REPUBLIKA.CO.ID,SURABAYA--Kepolisian Resor Kota Besar (Polrestabes) Surabaya menyesalkan pembebasan bandar narkoba bernama Anton Pramudita, pemilik 200 butir pil ekstasi dari putusan banding di Pengadilan Tinggi (PT) Jawa Timur.
Kapolrestabes Surabaya Kombes Pol Coki Manurung, Selasa, mengaku sangat kecewa keputusan tersebut. Ia meminta kejaksaan yang mengajukan kasasi ke Mahkamah Agung (MA) bisa menunjukkan bukti-bukti bahwa Anton bersalah dan benar merupakan bandar narkoba.
"Kami kecewa hasil sidang banding. Karena itu, kami berharap dalam kasasi Anton bisa dijerat," ujarnya kepada wartawan di Mapolrestabes, Jalan Taman Sikatan, Surabaya.
Selain itu, lanjut dia, pihaknya juga akan mencari celah agar notaris Ariyani bisa dijerat dengan pasal pelanggaran hukum karena berkomplot dengan bandar narkoba untuk membebaskannya dari penjara.

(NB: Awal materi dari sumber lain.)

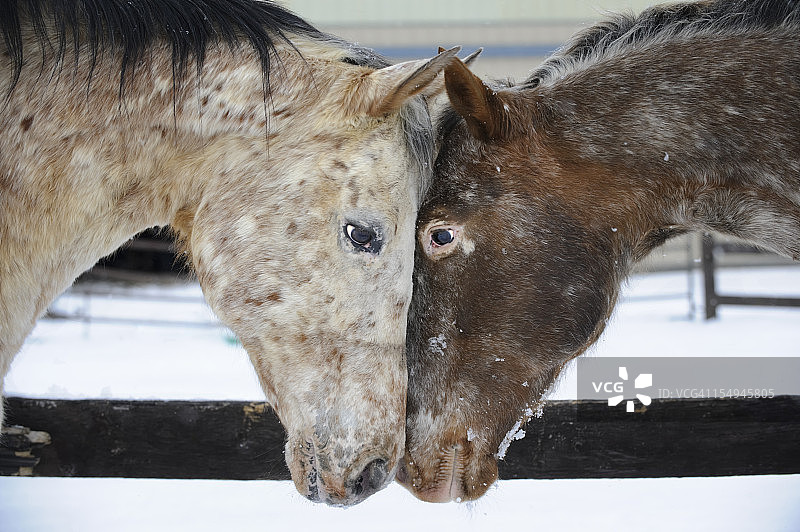 两匹阿帕卢萨马互相看着，头碰头图片素材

Pada 11 Maret lalu, Anton dibebaskan atas putusan hakim PT Jatim didasarkan surat notaris tentang pencabutan keterangan saksi dalam pengadilan oleh Feri Prawiro Husein, rekan Anton Pramudita, yang ikut ditangkap polisi dan mendekam di Rumah Tahanan Negara Klas I Surabaya di Medaeng, Sidoarjo.
Anton Pramudita ditangkap polisi pada 20 Mei 2010 karena kedapatan tangan membawa 200 butir pil ekstasi dan lima butir lainnya ditemukan di rumahnya. Hasil pengembangannya, petugas menangkap pula delapan tersangka lain, termasuk Feri Prawiro, yang dijerat dengan berkas acara pidana terpisah.

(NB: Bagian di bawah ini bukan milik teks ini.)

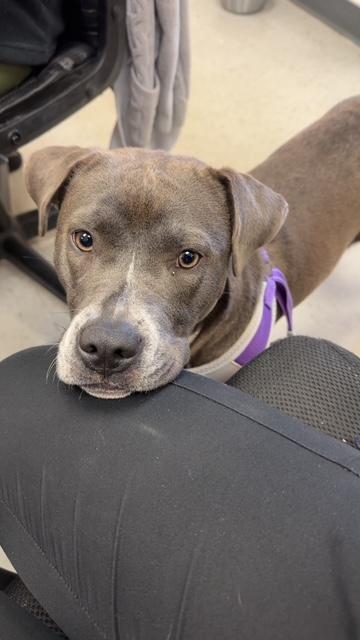 Koda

Selanjutnya, pada 21 Juli 2010, berkas tersangka dilimpahkan ke Kejaksaan Negeri (Kejari) Surabaya. Dua hari kemudian berkas itu diterima hakim Pengadilan Negeri (PN) Surabaya.
Setelah melalui berbagai persidangan di PN Surabaya, Anton dikenakan Pasal 144 ayat 2 subsider 112 ayat 2 juncto Pasal 132 ayat 1 UU RI Nomor 35 Tahun 2009 tentang Narkotika dengan putusan hukuman 10 tahun dan denda Rp1 miliar pada 10 Desember 2010. Selanjutnya, Anton mengajukan banding ke PT Jatim tertanggal 20 Desember 2010.

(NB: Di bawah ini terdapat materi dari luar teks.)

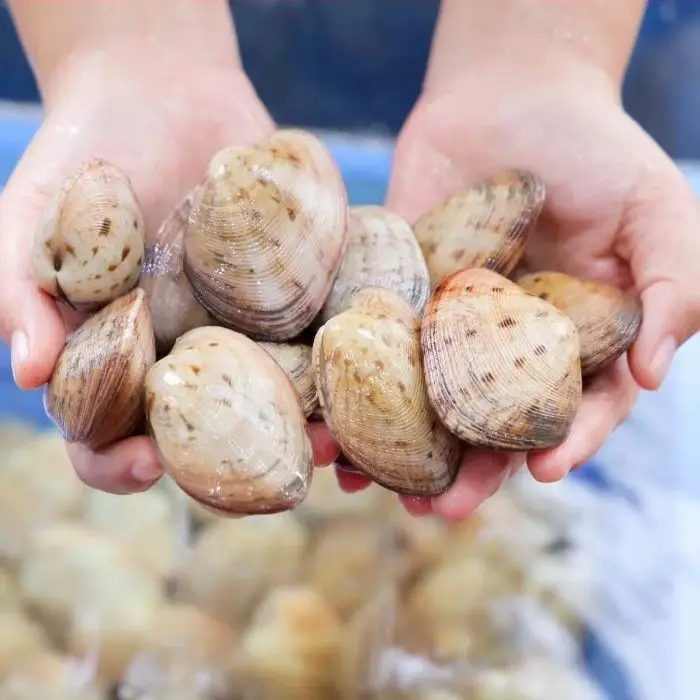 Ngao Hai Cồi Tươi Ngon Size 30-40 Con/Kg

Selama menghuni tahanan, Feri Prawiro menghadap notaris, Ariyani SH, pada 30 Desember 2010, untuk dibuatkan akta bahwa dirinya mencabut keterangan sebagai saksi di pengadilan terhadap Anton. Berdasar akte notaris itulah hakim PT Jatim memutuskan Anton bebas murni dan sekaligus menganulir keputusan hakim PN Surabaya.
"Ini aneh. Bandar narkoba dibebaskan setelah saksi mencabut keterangan di depan notaris yang membuatkan akta sehingga jadi rujukan hakim untuk membebaskannya. Mungkin kasus ini satu-satunya di Indonesia," kata Wakasat Reskrim Polrestabes Surabaya, Kompol Sudamiran.
Menurut dia, keluarnya akta notaris terkesan janggal sebab Feri Prawiro saat menghadap notaris masih berstatus terpidana dan mendekam di Rutan Klas I Surabaya di Medaeng, Sidoarjo.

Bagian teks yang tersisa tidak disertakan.